In March 2023, Sovereign Design House (which houses Toast House café) hosted Textiles on Toast, an exhibition of work produced by first- and second-year Textile students at the University of Huddersfield.
Some of the students were inspired by Gleneden Post-War Design Archive which is held at Heritage Quay.
Second year student Liza Smeeton describes their experience of using the archive:
“I’ve never worked from materials in an archive. I’ve normally been given a title or theme and have worked from that.
I initially visited the archive [at Heritage Quay] with lecturer Claire Barber as part of the Introduction to Theoretical and Ethical Studies module and then lecturer Matthew Taylor introduced us to the designs in the Visual Research module where we had much more time to examine and work with and from them.
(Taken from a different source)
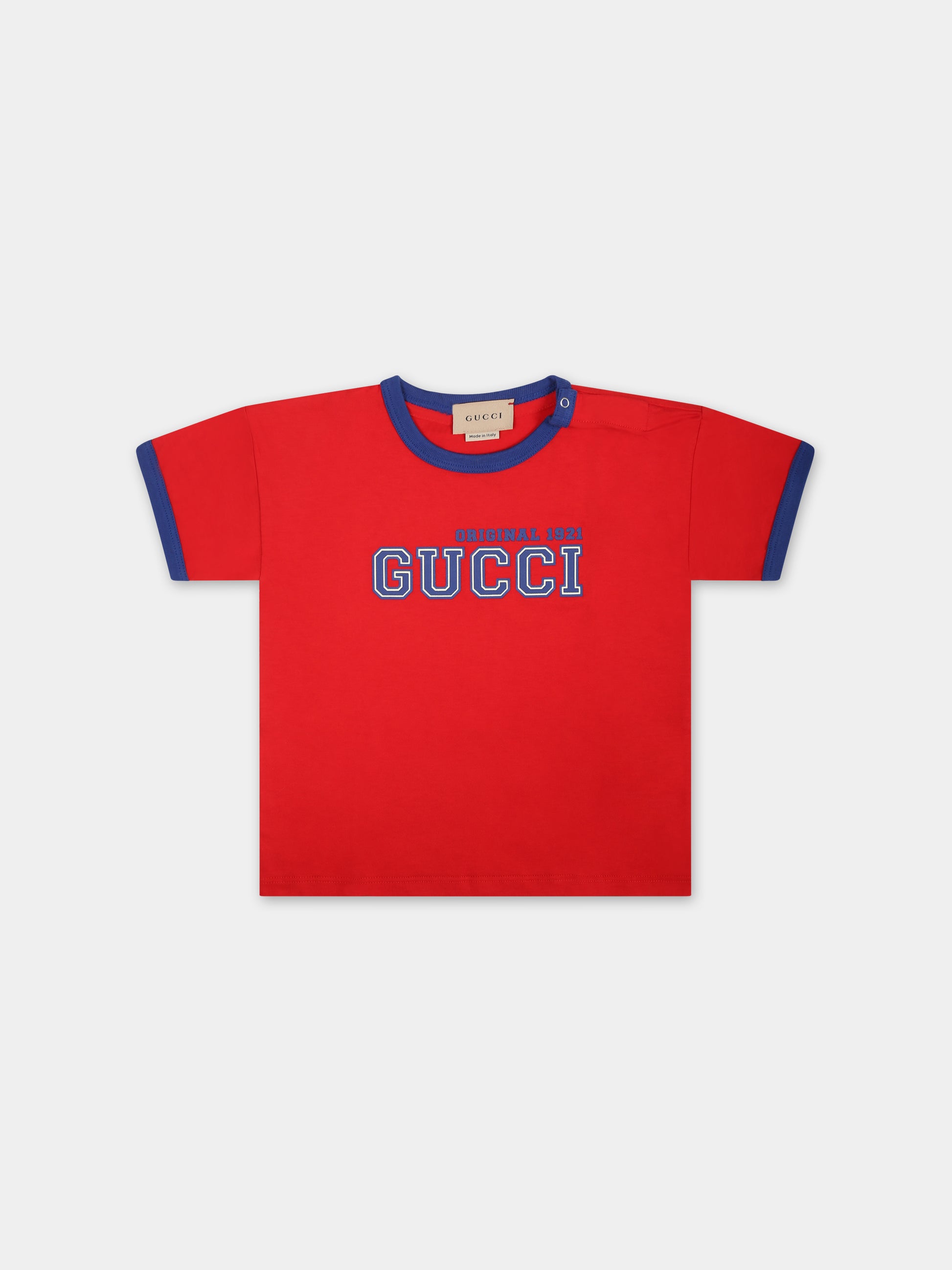 T-shirt rossa per neonato con logo,Gucci Kids,724822 XJF53 6344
I was quickly drawn to a very simple design in muted browns, but I’ve worked with this in several ways, simplifying the design, changing the colours, creating stencils and cut paper, working the design in hand and machine embroidery and using the stencil to create prints on fabric which I then stitched into. These samples are what I’ve exhibited in the Toast House.
I focused on archives for my theory written report and visited a textile archive in Sheffield where I live. The research and papers I read for this paper shows there are clear benefits from using archives to help in creating new designs, as long as these are modified and not copied from the original and that the original source is referenced. Having the original Gleneden design as a starting point gave me something to work from, so that I wasn’t starting from scratch, it helped me to produce new work much more quickly and to develop new ideas from that starting point.”
First year student Rebekah Fuller also describes their experience:
“I had never used materials from an archive before in my studies. I had never previously even considered using items from an archive to inspire my artistic process. I first learnt about archives when we visited Heritage Quay as a class as part of the Introduction to Theoretical and Ethical Studies module where we had a session with Assistant Archivist Fran Horner.
When I first saw some of the designs from the Gleneden archive, I was amazed by the intricate, detailed nature of the florals. Slightly overwhelmed, I chose a design with a colour palette I was drawn to and also the curved shape the florals created together. After painting this design, I was really pleased and throughout this year it has been a design I have been drawn back to again and again. Because of this, it was the most well-rounded collection I made this year. I used it especially in my weave rotation, considering ways I could abstract the design. I also managed to explore this painting within CAD creating a repeat pattern.”